I think that a little high.
From what I’ve heard, some photographers offer it for less. Are you sure you asked Google, rather than a specific photographer? Photographers set their own rates.
Of course, it’s up to you whether the benefits are worth it.
Scott Witte says
That is strange. You have a B&B and as such no Google Photographer can approach you. It would be bizarre if Google did. Among hospitality businesses only a few major hotel chains are able to get Business View tours currently. I do Business View tours as well as custom tours. For you a custom tour would be far more effective. And if you want to see significant organic search ranking improvement a custom tour will definitely do that, which will improve local results as well. But the tour won’t appear in Google search and maps.
Google does plan to make Business View available throughout the hospitality industry again. They just won’t tell us when or how.
Scott Witte says
Quick update: As of September 2015 Google photographers are allowed to shoot lodging businesses, included B&Bs.
This was a great help! I just requested to receive a quote for the Google Business View photo shoot, but needed some justification as to why it would be worth it for our practice. Like you said, if nothing else, you get professional photos that can be used in other applications. Thanks for the write up!
John Varnedore says
Our agency has been in 360 degree tour marketing since 2006 and added Google Street View Trusted Photographer to the mix 2.5 years ago. The program changed names from Business View in the last 6 months.
I think one avenue that most are missing is this is a medium if used correctly can extend the reach of almost all other advertising.
1. Add either a QR code in your PRINT ads to take people directly to the tour or alternatively embed the tour on it’s own page and use a call to action on the print ad to view the tour.

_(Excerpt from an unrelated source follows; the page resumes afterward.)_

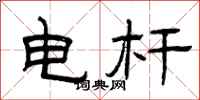 曾慶福電桿隸書怎么寫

2. Use mobile marketing as well…this looks fantastic on a smartphone or tablet. Use simple keyword with response being the tour link…works great
There are many more and the best part..only a one time cost with no monthly recurring. Of course, we add extra value by converting the images to a 360 degree video for youtube and facebook as well.
360 VR Marketing is here and cannot be ignored…Google Street View is an important part and should not be ignored.
Andy Larder says
Thanks for sharing on this thread. I live in the UK and am only looking to get started in this area now.
I would be interested in finding out more if you are happy to chat sometime?
Brad Gamson says
As we all know now, the program has changed dramatically. I am in the San Diego area and still doing great. This is a great program with many great benefits. My hope is that one day Google brings back the
“see inside”. This was an awesome selling point. I have figured out ways around it so it has not been
a problem. I focus on luxury apartment complexes and have done quite well with them. I think there is a real need for a Google tour in this industry. Thanks for the read!